The idea of ‘optimisation’ is basic to lots of things we do and to how we think. When driving from A to B, what is the optimum route? When we learn calculus for the first time, we quickly come to grips with the maximisation and minimisation of functions. This is professionalised within operational research. If you own a transport business, you have to plan a daily schedule of collections and deliveries. How do you allocate your fleet to miminise costs and hence to maximise profits for the day? In this case, the mathematics and the associated computer programmes exist and are well known – they will solve the problem for you. You have the information and you can control what happens. But suppose now that you are an economist and you want to describe, theorise about, or model human behaviour. Suppose you want to investigate the economics of the journey to work. This is another kind of scheduling problem except that in this case it involves a large number of individual decision makers. If we turn to the micro economics text books, we find the answer: define a utility function for individuals, and each can then maximise. In this case we run into problems: does each individual have all the relevant information? Does the economist have this? For the individual, all options need to be available on possible journeys – perfect information. The impossibility of this led Herbert Simon to the powerful concept of ‘satisficing’ rather than ‘maximising’. This was brilliant and shifts the modelling task to a probabilistic one (as well as being a realistic description of human behaviour – isn’t it what we all do?). Of course, economists responded to this too and associated probability distributions with the utility functions. This is more difficult to build into the basic economics’ text books, however. (And for this problem, there is an associated issue: space. The economists’ toolkit is usually seen as having micro or macro dimensions but when space needs to be added, we might think of the resulting scale as being ‘meso’. More adaptation needed.)
So the lesson to heed at this stage is that while ‘optimisation’ is a powerful concept and tool, it should be used with care and should be ‘blurred’ via the introduction of probability distributions – which makes everything more messy – when appropriate. Hence, we should ‘beware’. A related field to explore in this respect is the very fashionable agent-based models (ABM). If individuals in an ABM are behaving according to ‘rules’, does the specification of these rules incorporate the necessary blurring? I know this can be done, and have done it, but is it always done? I suspect not.

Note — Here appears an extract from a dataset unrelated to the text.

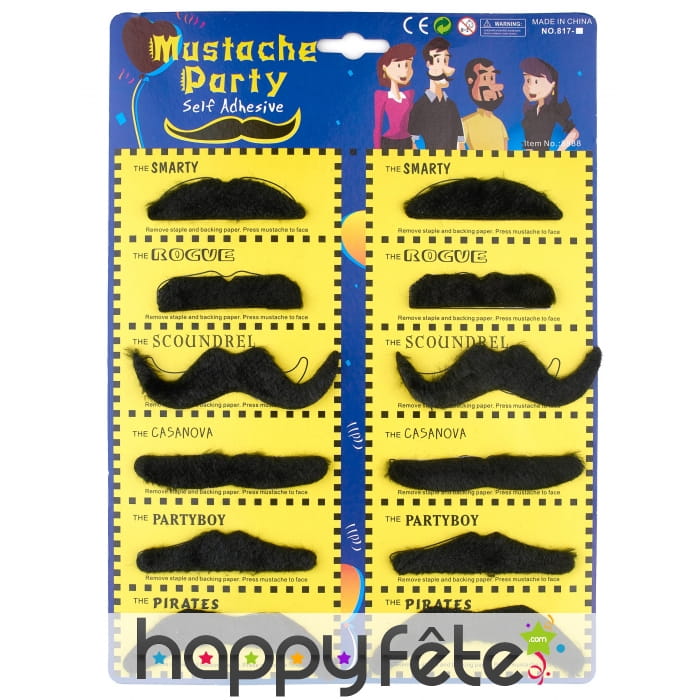 Set de 12 Moustaches noires adhésives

There is a temptation to stick to simpler forms of optimisation because the associated mathematics and computer software is so attractive. This is particularly true of linear programming problems like the transport owner’s scheduling problem. A good example is the algorithm for the shortest path through a network which Dijkstra discovered in the 1950s. A great thing to have. In the early days of transport modelling this provided the basis for assigning origin-destination flows to networks – essentially assuming that all travellers
took the best route. Again, this proved too simple and eventually it became possible, from the early 1970s, though a shade more difficult, to calculate second best and third best routes, even the kth best route – and then the trips could allocated probabilistically. And then we have to recognise that much of the world is nonlinear. The mathematics of nonlinear optimisation is more tricky but huge progress has been made – and indeed one of the core methods dates back to Lagrange in the Eighteenth Century.
I have been lucky with my own work in all these respects because entropy-maximising is a branch of nonlinear optimisation which actually offers optimum blurring. It is possible to take a traditional economic model and to turn it into an optimally blurred and hence more realistic model by these means. Indeed, there is one remarkable mathematical result: that the nonlinear version of an equivalent of the scheduling problem transforms into the linear problem when one of the parameters becomes infinite.
Conclusion: different kinds of optimisation methods should be in the toolkit, but we should be wary about matching uses with reality!